Erik Prince’s advertorial is the Times opinion page’s latest misstep.
As President Trump prepares to send a to-be-determined number of American troops to Afghanistan in the latest effort to bring this 16-year-and-counting war to a close, a gentleman named Erik Prince has taken to the venerable opinion pages of the New York Times to humbly offer a modest alternative: Why doesn’t the president just send contractors to fight this fight instead?
My proposal is for a sustainable footprint of 2,000 American Special Operations and support personnel, as well as a contractor force of less than 6,000 (far less than the 26,000 in country now). This team would provide a support structure for the Afghans, allowing the United States’ conventional forces to return home.
Prince goes on to explain that he would leverage the historical successes of Special Operations forces in the region by retaining those veterans as hired guns, deploying them through private security firms as a sort of souped-up shadow army that would train Afghan forces and supervise combat operations. (They’d fly in Afghan planes, for example, but would leave decisions about when to use weapons to Afghan pilots.) This strategy, Prince argues, would cost the United States less in terms of both dollars and lives, providing it with the best chance to end an ill-conceived war that, as of this year, is old enough to get a driver license in just about every state.
Incredibly, not until the very end of Mr. Prince’s column does he drop this little nugget:
If the president pursues this third path, I, too, would vigorously compete to implement a plan that saves American lives, costs less than 20 percent of current spending and saves American taxpayers more than $40 billion a year.
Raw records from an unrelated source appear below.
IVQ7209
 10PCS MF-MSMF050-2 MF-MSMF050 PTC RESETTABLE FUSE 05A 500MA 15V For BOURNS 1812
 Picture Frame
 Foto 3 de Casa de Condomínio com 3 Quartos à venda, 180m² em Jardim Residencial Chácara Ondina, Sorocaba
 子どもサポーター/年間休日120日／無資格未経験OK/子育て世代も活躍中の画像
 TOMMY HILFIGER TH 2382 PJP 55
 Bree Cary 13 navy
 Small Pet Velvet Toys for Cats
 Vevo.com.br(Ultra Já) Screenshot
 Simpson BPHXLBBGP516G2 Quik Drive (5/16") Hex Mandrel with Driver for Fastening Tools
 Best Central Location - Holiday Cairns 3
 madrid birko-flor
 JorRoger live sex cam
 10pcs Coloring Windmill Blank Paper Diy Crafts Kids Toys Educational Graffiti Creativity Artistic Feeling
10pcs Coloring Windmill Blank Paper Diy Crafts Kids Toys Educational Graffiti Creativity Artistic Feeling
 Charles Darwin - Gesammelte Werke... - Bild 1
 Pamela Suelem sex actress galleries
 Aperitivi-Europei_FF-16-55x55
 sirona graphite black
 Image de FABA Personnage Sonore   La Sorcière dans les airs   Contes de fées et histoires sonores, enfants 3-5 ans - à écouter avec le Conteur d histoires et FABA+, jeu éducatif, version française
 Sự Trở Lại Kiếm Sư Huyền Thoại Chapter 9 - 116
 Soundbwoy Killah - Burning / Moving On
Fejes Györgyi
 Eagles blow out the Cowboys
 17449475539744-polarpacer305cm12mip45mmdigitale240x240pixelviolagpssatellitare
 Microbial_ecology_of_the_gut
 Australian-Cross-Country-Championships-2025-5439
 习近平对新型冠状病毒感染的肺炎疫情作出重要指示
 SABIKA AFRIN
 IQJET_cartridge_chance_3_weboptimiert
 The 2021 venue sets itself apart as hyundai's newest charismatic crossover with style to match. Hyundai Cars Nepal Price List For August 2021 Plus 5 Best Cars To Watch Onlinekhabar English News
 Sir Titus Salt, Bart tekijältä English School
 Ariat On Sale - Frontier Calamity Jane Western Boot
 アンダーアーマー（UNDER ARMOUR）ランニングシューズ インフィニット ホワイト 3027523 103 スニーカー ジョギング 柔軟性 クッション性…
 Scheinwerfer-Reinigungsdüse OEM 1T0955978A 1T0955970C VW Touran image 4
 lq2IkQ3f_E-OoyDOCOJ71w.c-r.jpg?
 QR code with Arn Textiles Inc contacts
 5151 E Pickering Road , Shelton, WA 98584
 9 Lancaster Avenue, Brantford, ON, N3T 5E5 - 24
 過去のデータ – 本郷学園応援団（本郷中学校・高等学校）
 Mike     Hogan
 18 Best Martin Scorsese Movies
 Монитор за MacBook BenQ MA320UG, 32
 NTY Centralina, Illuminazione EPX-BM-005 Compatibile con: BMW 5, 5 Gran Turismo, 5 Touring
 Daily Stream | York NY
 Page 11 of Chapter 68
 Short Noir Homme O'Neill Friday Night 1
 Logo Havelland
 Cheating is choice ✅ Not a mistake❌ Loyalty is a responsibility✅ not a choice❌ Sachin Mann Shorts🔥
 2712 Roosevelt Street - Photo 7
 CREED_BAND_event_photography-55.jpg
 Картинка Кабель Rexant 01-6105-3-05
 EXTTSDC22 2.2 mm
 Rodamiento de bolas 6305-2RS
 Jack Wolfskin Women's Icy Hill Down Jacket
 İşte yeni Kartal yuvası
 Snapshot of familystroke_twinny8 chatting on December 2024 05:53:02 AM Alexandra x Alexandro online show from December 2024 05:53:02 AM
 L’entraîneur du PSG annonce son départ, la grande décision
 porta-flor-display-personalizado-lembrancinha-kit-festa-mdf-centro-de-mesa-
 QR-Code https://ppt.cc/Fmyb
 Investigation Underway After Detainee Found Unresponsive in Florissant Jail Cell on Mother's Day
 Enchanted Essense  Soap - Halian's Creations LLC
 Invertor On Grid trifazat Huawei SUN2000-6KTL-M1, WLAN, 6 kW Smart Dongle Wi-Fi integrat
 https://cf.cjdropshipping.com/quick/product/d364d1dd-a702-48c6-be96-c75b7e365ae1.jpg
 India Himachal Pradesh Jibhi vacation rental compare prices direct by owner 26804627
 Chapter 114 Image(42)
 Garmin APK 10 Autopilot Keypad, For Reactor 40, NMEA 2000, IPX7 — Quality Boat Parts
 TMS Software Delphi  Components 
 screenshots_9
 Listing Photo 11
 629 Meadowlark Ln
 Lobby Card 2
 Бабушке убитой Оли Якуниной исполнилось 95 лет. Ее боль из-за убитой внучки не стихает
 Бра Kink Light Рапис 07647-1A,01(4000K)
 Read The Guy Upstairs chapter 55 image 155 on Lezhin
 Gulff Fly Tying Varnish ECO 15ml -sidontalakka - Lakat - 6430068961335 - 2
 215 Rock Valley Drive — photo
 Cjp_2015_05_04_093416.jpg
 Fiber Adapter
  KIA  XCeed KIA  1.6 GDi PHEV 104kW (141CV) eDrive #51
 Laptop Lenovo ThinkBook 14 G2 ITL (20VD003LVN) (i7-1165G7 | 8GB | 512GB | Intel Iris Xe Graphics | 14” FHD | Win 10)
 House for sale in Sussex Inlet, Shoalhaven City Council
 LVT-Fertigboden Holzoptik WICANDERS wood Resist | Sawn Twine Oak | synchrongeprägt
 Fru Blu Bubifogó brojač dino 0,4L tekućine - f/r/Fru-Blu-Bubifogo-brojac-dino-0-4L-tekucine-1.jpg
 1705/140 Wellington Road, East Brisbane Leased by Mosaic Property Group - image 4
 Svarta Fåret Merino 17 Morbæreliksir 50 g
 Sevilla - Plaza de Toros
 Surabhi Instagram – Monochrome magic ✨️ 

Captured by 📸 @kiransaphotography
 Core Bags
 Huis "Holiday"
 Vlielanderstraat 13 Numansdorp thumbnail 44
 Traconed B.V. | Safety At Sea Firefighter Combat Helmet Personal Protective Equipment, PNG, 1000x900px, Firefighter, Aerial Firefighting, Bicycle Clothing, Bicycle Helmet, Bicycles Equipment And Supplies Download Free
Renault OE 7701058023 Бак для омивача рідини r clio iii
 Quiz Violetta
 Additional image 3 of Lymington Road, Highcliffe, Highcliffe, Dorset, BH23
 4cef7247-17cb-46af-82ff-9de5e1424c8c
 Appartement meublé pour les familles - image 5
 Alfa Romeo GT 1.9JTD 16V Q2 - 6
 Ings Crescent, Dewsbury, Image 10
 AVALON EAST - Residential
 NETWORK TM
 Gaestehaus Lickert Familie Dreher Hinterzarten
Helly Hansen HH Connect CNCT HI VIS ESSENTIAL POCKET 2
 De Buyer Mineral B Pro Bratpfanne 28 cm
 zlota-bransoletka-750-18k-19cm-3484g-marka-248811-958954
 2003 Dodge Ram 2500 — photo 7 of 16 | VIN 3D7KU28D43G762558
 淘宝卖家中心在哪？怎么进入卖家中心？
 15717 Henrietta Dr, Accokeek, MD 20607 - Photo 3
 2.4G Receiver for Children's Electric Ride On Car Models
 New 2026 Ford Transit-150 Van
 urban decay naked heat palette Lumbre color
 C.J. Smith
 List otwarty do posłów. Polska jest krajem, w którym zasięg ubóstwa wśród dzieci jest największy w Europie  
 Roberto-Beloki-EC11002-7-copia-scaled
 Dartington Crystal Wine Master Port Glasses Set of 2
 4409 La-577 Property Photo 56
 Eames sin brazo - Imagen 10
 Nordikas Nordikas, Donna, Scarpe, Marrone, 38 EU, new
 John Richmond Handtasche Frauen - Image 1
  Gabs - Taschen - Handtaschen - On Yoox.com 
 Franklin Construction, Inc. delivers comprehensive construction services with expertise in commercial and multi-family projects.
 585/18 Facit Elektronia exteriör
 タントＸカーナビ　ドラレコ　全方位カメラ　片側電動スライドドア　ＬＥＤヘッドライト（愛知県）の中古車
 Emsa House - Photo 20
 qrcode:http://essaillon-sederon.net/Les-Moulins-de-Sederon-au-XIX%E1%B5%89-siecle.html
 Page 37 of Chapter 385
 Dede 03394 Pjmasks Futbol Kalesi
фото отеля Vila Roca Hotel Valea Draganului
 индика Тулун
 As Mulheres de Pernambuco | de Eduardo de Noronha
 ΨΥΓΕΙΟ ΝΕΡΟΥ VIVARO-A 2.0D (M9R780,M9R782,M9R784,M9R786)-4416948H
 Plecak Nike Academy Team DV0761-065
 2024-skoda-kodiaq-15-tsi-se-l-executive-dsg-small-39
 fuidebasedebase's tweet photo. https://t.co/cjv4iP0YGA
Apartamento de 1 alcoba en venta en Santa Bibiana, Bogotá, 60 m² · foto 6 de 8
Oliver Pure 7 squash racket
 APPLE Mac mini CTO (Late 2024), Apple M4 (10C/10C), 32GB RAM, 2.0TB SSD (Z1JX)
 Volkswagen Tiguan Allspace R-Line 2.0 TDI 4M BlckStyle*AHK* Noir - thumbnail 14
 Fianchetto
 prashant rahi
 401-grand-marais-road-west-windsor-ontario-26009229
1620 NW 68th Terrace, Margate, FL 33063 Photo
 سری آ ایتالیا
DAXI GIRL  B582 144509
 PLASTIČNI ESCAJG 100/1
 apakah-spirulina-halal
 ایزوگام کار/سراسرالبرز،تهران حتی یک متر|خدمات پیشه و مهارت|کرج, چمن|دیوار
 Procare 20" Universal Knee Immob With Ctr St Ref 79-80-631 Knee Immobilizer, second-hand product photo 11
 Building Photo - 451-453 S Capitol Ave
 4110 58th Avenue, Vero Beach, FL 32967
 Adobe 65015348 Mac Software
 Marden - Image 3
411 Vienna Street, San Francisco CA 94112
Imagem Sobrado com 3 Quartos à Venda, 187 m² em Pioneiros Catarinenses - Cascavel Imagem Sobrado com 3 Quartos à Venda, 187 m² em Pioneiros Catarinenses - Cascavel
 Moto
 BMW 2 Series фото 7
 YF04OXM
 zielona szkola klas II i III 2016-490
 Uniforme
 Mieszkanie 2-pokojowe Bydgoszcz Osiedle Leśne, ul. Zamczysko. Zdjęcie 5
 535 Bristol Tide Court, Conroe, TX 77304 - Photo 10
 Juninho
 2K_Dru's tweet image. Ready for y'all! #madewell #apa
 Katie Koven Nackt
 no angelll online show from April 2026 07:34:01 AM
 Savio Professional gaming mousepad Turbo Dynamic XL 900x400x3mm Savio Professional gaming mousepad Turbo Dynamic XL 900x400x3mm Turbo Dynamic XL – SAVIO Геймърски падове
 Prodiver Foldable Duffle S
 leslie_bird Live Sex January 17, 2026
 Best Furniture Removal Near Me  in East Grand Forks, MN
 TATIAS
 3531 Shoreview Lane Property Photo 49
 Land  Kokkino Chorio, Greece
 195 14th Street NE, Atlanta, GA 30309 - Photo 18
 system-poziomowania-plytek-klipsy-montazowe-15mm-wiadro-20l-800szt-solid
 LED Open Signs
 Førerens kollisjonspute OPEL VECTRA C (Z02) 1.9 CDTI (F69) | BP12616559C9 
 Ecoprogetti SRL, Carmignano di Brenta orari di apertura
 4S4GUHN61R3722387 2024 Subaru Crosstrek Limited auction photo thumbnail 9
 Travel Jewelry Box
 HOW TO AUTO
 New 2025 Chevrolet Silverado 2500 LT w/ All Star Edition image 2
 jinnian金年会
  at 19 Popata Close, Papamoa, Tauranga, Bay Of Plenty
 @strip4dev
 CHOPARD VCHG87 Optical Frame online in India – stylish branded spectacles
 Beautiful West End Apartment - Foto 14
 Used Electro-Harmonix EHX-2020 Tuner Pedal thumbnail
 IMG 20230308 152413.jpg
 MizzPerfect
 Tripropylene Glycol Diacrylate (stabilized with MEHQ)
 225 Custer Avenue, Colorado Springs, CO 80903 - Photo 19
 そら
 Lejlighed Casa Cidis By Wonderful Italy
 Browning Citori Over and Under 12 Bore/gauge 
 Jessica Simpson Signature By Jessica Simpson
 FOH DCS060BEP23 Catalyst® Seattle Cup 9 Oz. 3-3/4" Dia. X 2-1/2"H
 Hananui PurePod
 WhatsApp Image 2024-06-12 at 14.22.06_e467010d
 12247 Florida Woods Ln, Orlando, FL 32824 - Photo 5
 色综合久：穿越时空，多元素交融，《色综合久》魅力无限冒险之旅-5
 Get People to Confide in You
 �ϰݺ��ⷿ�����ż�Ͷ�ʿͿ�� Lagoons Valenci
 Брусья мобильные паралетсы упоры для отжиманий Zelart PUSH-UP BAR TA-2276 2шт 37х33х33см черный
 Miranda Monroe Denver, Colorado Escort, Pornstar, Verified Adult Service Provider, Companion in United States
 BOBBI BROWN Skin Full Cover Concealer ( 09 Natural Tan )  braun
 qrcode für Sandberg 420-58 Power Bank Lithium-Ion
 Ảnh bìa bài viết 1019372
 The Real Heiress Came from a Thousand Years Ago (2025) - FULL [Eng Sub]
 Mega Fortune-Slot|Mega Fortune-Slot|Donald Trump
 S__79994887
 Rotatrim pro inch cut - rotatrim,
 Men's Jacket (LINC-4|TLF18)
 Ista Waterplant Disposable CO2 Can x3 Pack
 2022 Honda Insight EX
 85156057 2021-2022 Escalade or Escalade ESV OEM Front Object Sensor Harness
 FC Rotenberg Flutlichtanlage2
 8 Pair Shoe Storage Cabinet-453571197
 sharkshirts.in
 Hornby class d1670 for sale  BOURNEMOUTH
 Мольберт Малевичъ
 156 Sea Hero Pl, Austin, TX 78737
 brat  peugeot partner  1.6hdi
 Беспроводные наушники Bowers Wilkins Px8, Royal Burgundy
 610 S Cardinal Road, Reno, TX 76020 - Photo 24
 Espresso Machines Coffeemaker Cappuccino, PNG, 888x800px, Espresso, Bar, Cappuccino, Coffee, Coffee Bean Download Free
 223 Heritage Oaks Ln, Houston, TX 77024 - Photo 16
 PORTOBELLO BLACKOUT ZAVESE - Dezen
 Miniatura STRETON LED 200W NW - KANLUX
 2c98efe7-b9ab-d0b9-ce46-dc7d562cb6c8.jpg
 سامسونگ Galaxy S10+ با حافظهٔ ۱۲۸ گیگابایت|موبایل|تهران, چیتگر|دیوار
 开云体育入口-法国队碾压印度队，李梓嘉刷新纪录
Yes, before he was famous for being Betsy DeVos’ brother and/or the alleged wannabe fixer of a secret meeting between the White House and Russia on a remote island in the Indian Ocean, Erik Prince was best known as the founder of Blackwater, which is—you guessed it!—a giant private security contractor! Blackwater, which has since been re-branded as Academi, did billions of dollars in business with the federal government, primarily during the Bush administration, and most famously in the Iraq and Afghanistan wars. Although Prince is no longer a part of Blackwater, he now chairs something called Frontier Services Group, which is—again, prepare to be shocked—also a giant private security contractor, and precisely the type of enterprise that might be interested in being paid hilarious sums of money to fight a war overseas, should said sums of money suddenly be subject to a formal bidding process.
Perhaps sensing that some people might find this arrangement a tad unseemly, Prince offers the following preemptive rejoinder:
Just as no one criticizes Elon Musk because his company SpaceX helps supply American astronauts, no one should criticize a private company—mine or anyone else’s—for helping us end this ugly multigenerational war.
The problem is not that Prince is taking advantage of an opportunity to shill for his latest collection of well-compensated mercenaries. It’s that the New York Times is giving Prince space on its opinion pages in order to do so—a distinction lost on the requisite list of conservative thought leaders who jumped immediately to Prince’s defense:
Ugh. Erik Prince is not a retired military leader, or a former diplomat, or a respected scholar, or a member of any other class of people who might present the brand of nuanced argument that opinion sections—especially the Times‘—are purportedly designed to print. He’s a businessman, and in a place where readers expect to encounter legitimate policy debates, he gets to deliver a black-and-white infomercial for a business that he owns. This isn’t objectionable because it is an opinion with which reasonable people might disagree. It’s objectionable because it barely bothers to acknowledge that a principal reason the author probably holds this particular opinion is because he might make a metric fuckton of money should his “opinion” be adopted as policy!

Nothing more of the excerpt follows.